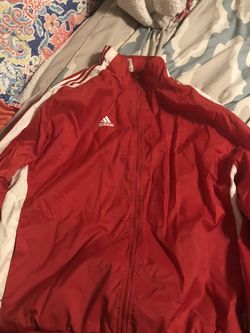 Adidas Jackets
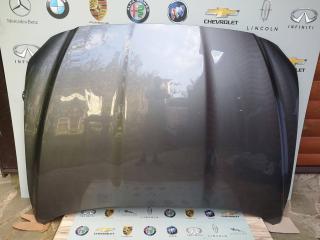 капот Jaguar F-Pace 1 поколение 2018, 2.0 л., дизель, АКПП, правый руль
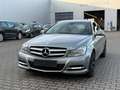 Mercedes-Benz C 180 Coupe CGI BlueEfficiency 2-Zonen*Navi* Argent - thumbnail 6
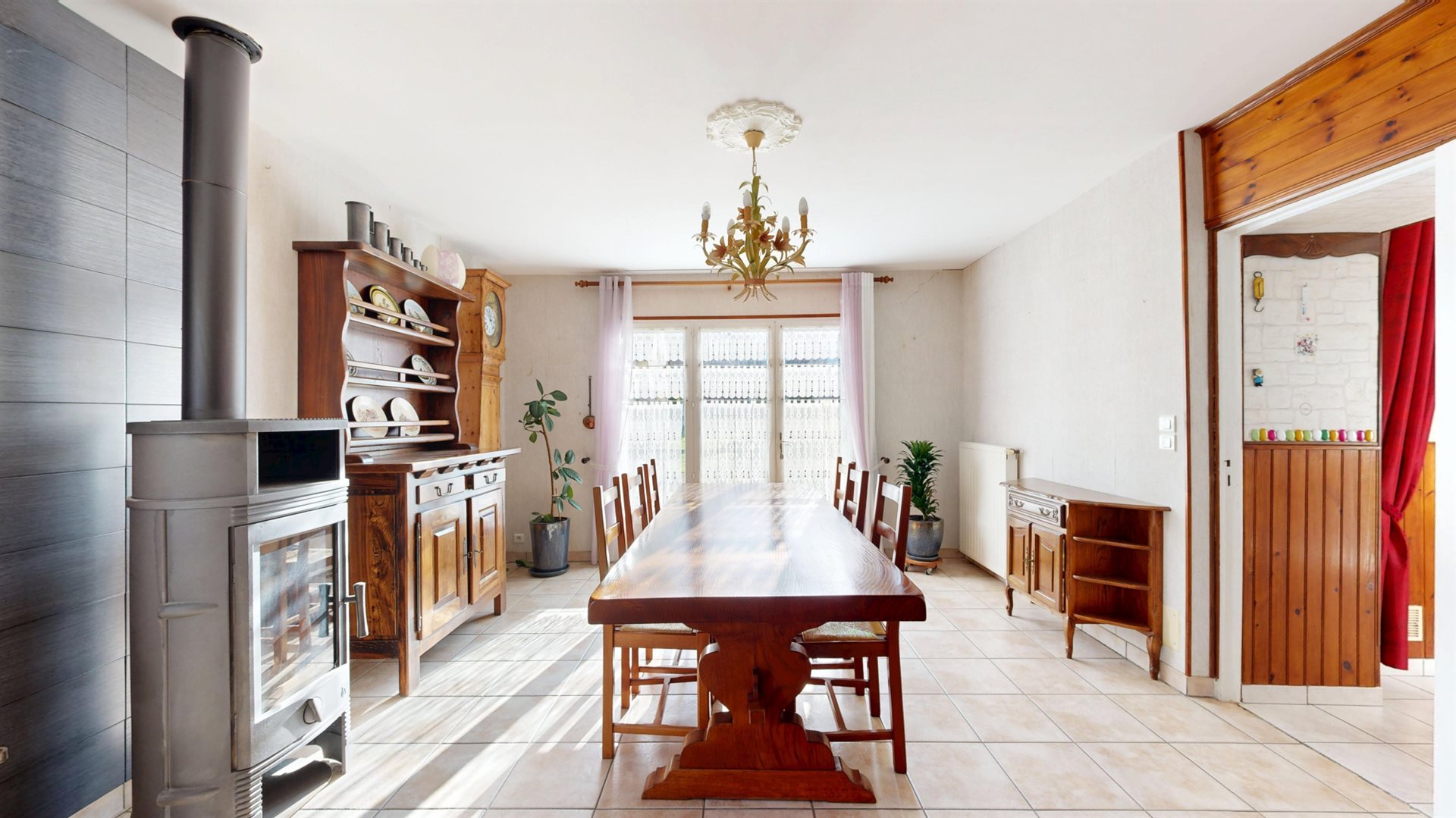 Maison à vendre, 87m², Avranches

» Required action
I need the lines from the line holding "Mercedes-Benz C 180" through the end of the material, inclusive, restated word for word and without pictures.

» Result
 Mercedes-Benz C 180 Coupe CGI BlueEfficiency 2-Zonen*Navi* Argent - thumbnail 6
 Maison à vendre, 87m², Avranches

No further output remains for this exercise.